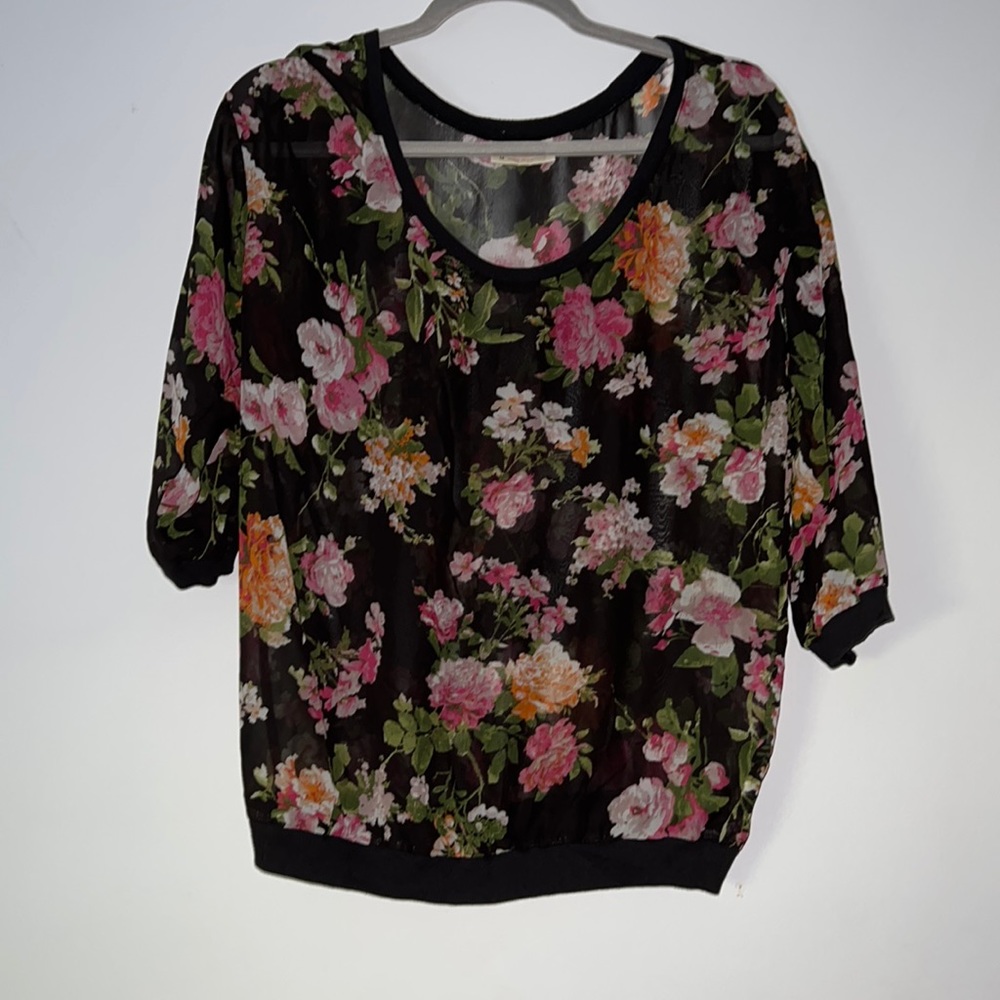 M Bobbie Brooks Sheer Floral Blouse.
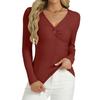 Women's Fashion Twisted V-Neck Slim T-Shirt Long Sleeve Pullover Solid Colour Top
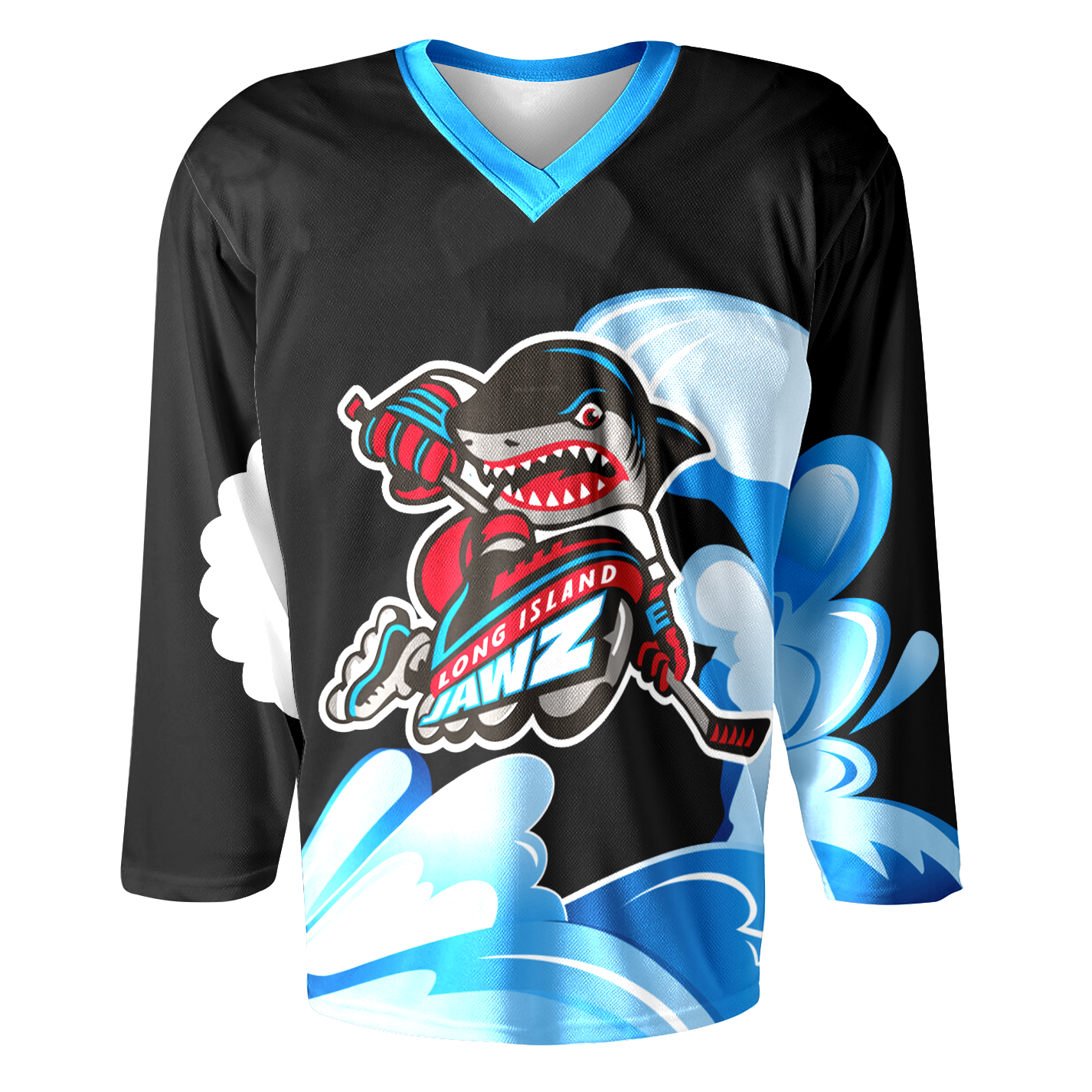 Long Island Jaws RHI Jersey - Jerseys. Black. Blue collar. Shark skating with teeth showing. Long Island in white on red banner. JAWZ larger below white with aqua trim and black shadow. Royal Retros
···
**Exercise instructions:**
Copy the material above exactly and drop the pictures.

**Written answer:**
 M Bobbie Brooks Sheer Floral Blouse.
 Women's Fashion Twisted V-Neck Slim T-Shirt Long Sleeve Pullover Solid Colour Top
 Long Island Jaws RHI Jersey - Jerseys. Black. Blue collar. Shark skating with teeth showing. Long Island in white on red banner. JAWZ larger below white with aqua trim and black shadow. Royal Retros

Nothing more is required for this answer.